- Exercise material:
★ ★ ★ ★ ★ ★ ★

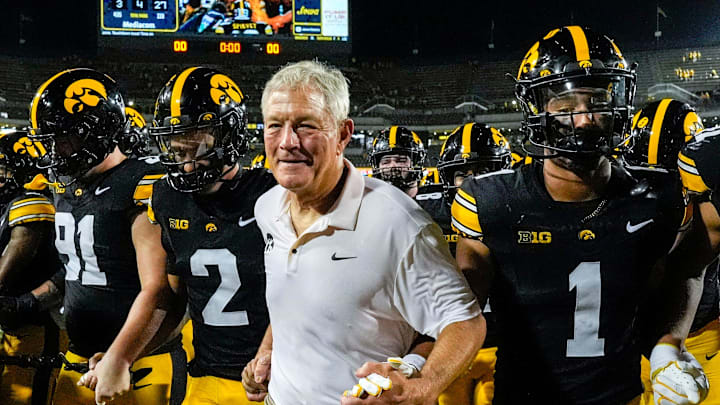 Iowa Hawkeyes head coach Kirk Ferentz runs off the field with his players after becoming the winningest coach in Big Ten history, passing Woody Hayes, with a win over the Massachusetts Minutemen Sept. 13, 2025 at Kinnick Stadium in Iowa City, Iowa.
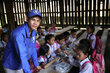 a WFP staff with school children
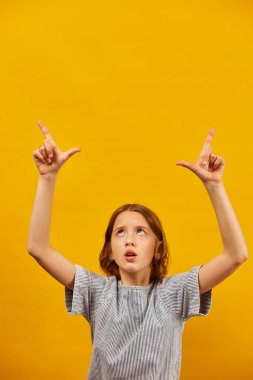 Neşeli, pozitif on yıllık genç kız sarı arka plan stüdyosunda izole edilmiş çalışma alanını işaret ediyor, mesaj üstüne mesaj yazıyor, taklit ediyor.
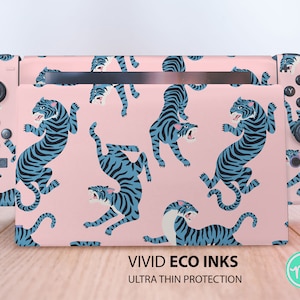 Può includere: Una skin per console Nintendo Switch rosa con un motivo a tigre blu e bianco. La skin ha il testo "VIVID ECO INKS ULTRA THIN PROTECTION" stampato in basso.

★ ★ ★ ★ ★ ★ ★

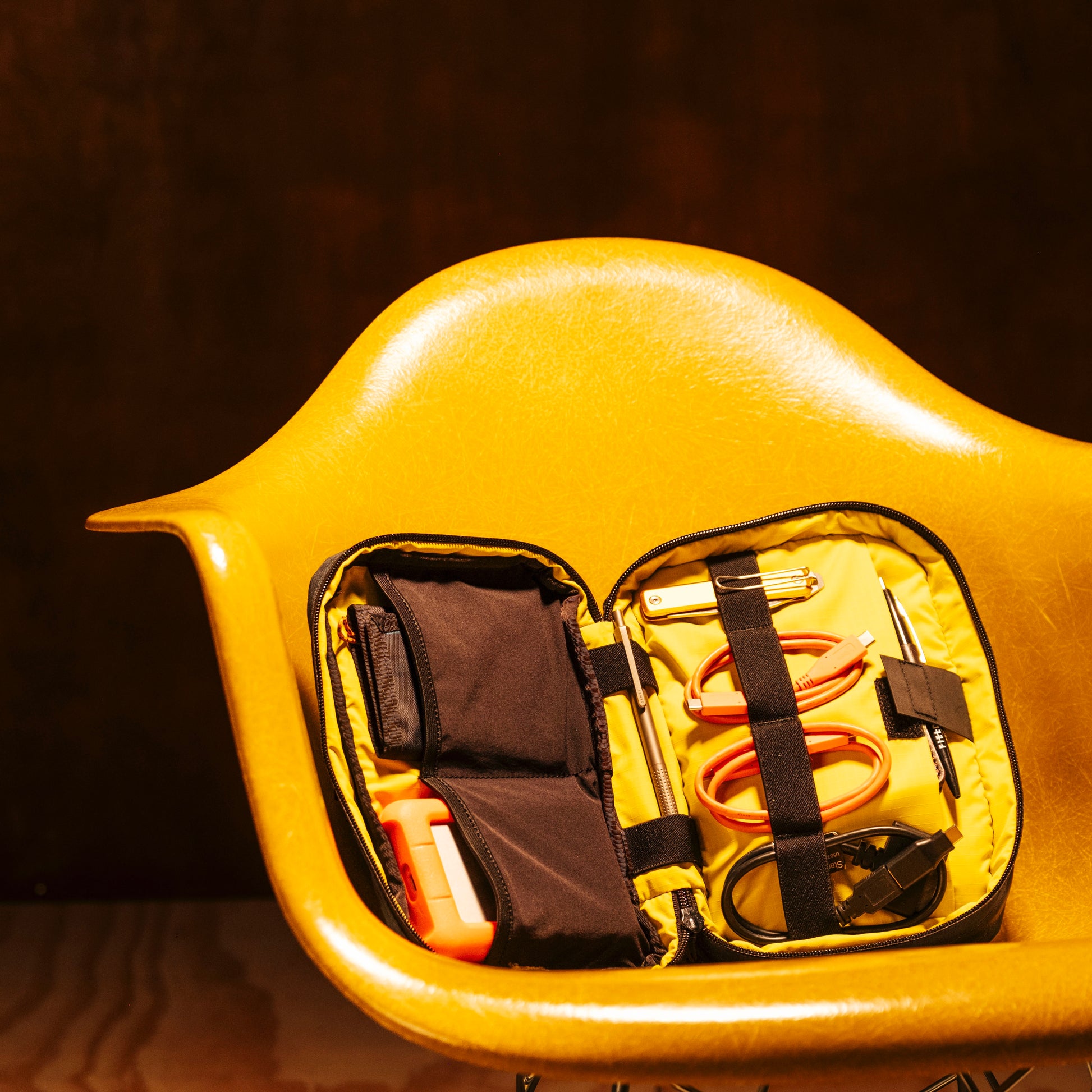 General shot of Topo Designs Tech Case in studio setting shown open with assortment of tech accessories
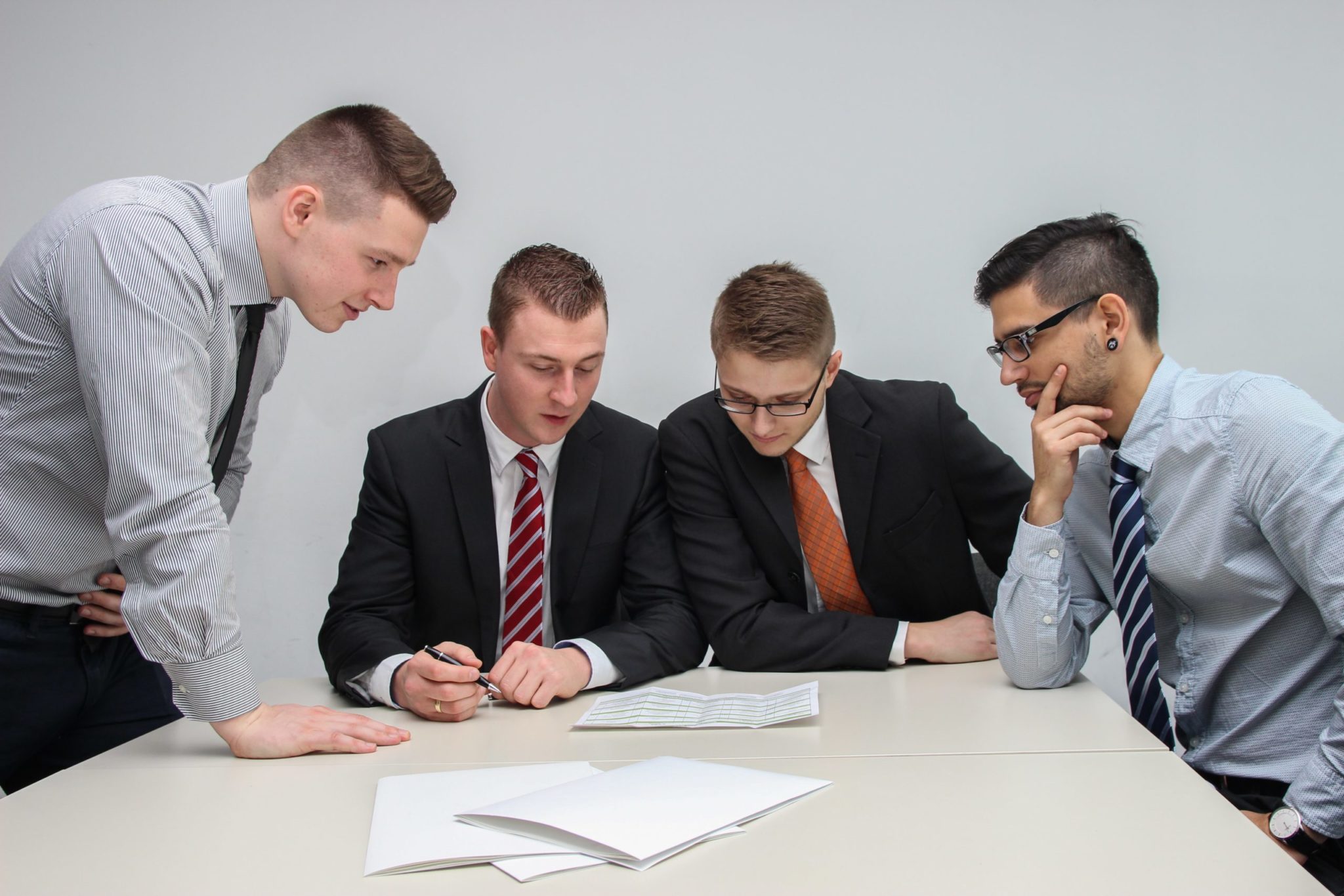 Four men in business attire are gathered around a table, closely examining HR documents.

★ ★ ★ ★ ★ ★ ★

- What the task requires:
Print exactly the lines above that run from the one with "Neşeli, pozitif on" to the one with "Può includere: Una", both included. No pictures.

- Exercise solution:
 Neşeli, pozitif on yıllık genç kız sarı arka plan stüdyosunda izole edilmiş çalışma alanını işaret ediyor, mesaj üstüne mesaj yazıyor, taklit ediyor.
 Può includere: Una skin per console Nintendo Switch rosa con un motivo a tigre blu e bianco. La skin ha il testo "VIVID ECO INKS ULTRA THIN PROTECTION" stampato in basso.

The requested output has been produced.